Alterações na Lei do Inquilinato
*Por Daniel Cerveira
A Lei do Inquilinato sofreu alterações em 2012, dentre elas a inclusão do artigo 54-A e respectivos parágrafos. O parágrafo segundo do referido artigo estabelece que na locação para fins comerciais “na qual o locador procede à prévia aquisição, construção ou substancial reforma, por si mesmo ou por terceiros, do imóvel então especificado” a penalidade aplicável na hipótese de rescisão antecipada pelo inquilino não poderá ultrapassar “a soma dos valores dos aluguéis a receber até o termo final da locação”. No mercado, as locações desse tipo são conhecidas pela sigla “BTS”, oriunda da expressão em inglês “built to suit”.
Objetivo da norma
O objetivo principal da disposição acima é incentivar a realização de negócios imobiliários, através da proteção dos investimentos efetuados pelos proprietários e afins de imóveis urbanos.
Risco de distorções
Muito embora a intenção seja louvável, se interpretada literalmente e sem a devida análise do caso concreto, a norma legal em pauta poderá gerar distorções.

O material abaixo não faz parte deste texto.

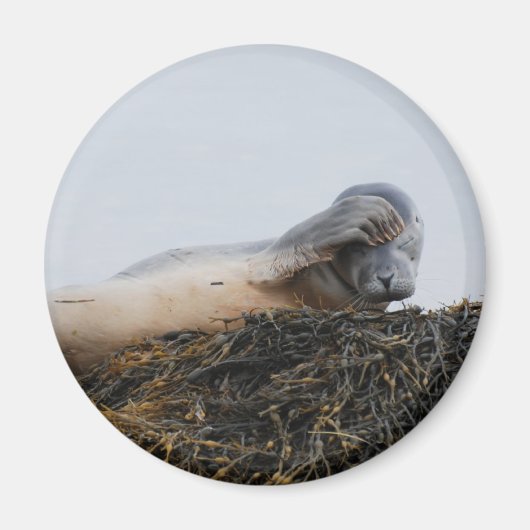 引掻きシールマグネット マグネット (正面)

Desafios para os locatários
Do ponto de vista dos locatários, (entenda-se as empresas que exploram imóveis por meio de arrendamentos), nem sempre os planos ocorrem como o previsto. Ou seja, pode acontecer de um restaurante não conseguir formar a sua clientela, uma loja sofrer com baixo faturamento no local ou um centro de distribuição precisar ser desativado pela ausência de demanda.
Multas potencialmente proibitivas
Nessa linha, caso por extrema necessidade o locatário for obrigado a rescindir o contrato de locação, restará ao locador cobrar a multa competente. Ocorre que, a depender do valor do aluguel e do prazo de vigência a vencer, a penalidade poderá ser manifestamente proibitiva, no sentido de ser impossível de ser cumprida e ter a capacidade de acarretar na “falência” da companhia inquilina.

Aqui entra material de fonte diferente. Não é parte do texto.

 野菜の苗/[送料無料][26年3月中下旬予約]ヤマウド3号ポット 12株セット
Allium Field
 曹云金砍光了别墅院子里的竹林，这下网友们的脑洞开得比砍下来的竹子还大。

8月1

Imagine, por exemplo, um aluguel de R$ 100.000,00 e um termo de 10 anos ainda a ser respeitado – neste caso a multa ficaria no patamar elevadíssimo de R$ 12.000.000,00, partindo-se que o seu valor foi determinado em contrato de acordo com o teto legal.
Possível excesso em favor do locador
Por outro lado, é possível conceber situações de desequilíbrio em favor do locador. Considerando o exemplo acima e supondo que o locador dispendeu R$ 10.000.000,00 na aquisição ou reforma do imóvel, o valor da multa se mostraria excessiva.
Parâmetros da jurisprudência
A título de referência, a jurisprudência dominante estabelece que a multa em contrato de locação não deve extrapolar 03 aluguéis proporcionais ao período de ocupação. Ou seja, no exemplo colocado, o locador receberia a quantia investida, mais o equivalente a 20 locativos.
Previsão do Código Civil
Vale lembrar que o artigo 413 do Código Civil prevê a possibilidade de o juiz determinar a redução de multa, equitativamente, nas situações em que “a obrigação principal tiver sido cumprida em parte, ou se o montante da penalidade for manifestamente excessivo, tendo-se em vista a natureza e a finalidade do negócio”.
Decisões divergentes do TJ/SP
O TJ/SP já se pronunciou sob o entendimento de ser cabível a diminuição da penalidade estabelecida em contrato de locação da modalidade “BTS” – vide apelação nº 1020899-95.2020.8.26.0100, 26ª Câmara de Direito Privado, com julgamento em 13/02/2025. De outro lado, constam decisões que inadmitem a revisão da multa, independentemente do contexto – vide apelação nª 1011093-55.2019.8.26.0008, 28ª Câmara de Direito Privado do TJ/SP, com julgamento em 04/11/2020.
Importância do equilíbrio
Importante destacar que, ao cabo, a fixação de multas em níveis calibrados estimulará as empresas a desenvolverem os seus negócios por intermédio dos contratos de locação do tipo “built to suit”, o que refletirá positivamente em favor dos proprietários de imóveis e da economia como um todo.